In software, it's no different: unreliability is the flip-side of Feature Implementation Risk. It's caused in the gap between the real behaviour of the software and the expectations for it.
There is an upper bound on the reliability of the software you write, and this is based on the dependencies you use and (in turn) the reliability of those dependencies:
- If a component A depends on component B, unless there is some extra redundancy around B, then A can't be more reliable than B.
- Is A or B a Single Point Of Failure in a system?
- Are there bugs in B that are going to prevent it working correctly in all circumstances?
This kind of stuff is encapsulated in the science of Reliability Engineering. For example, Failure Mode and Effects Analysis (FEMA):
"...was one of the first highly structured, systematic techniques for failure analysis.
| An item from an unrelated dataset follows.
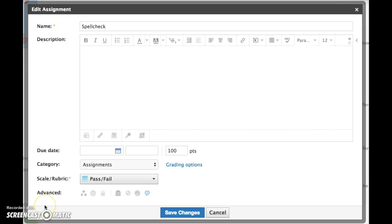This video will demonstrate how Schoology spell check works. Here we are in an assignment in edit mode.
It was developed by reliability engineers in the late 1950s to study problems that might arise from malfunctions of military systems. " - FEMA, Wikipedia
This was applied on NASA missions, and then in the 1970's to car design following the Ford Pinto exploding car affair. But establishing the reliability of software dependencies like this would be hard and expensive. We are more likely to mitigate Reliability Risk in software using testing, redundancy and reserves, as shown in the diagram above.
Additionally, we often rely on proxies for reliability. We'll look at these proxies (and the way in which software projects signal their reliability) in much more detail in the section on Software Dependency Risk.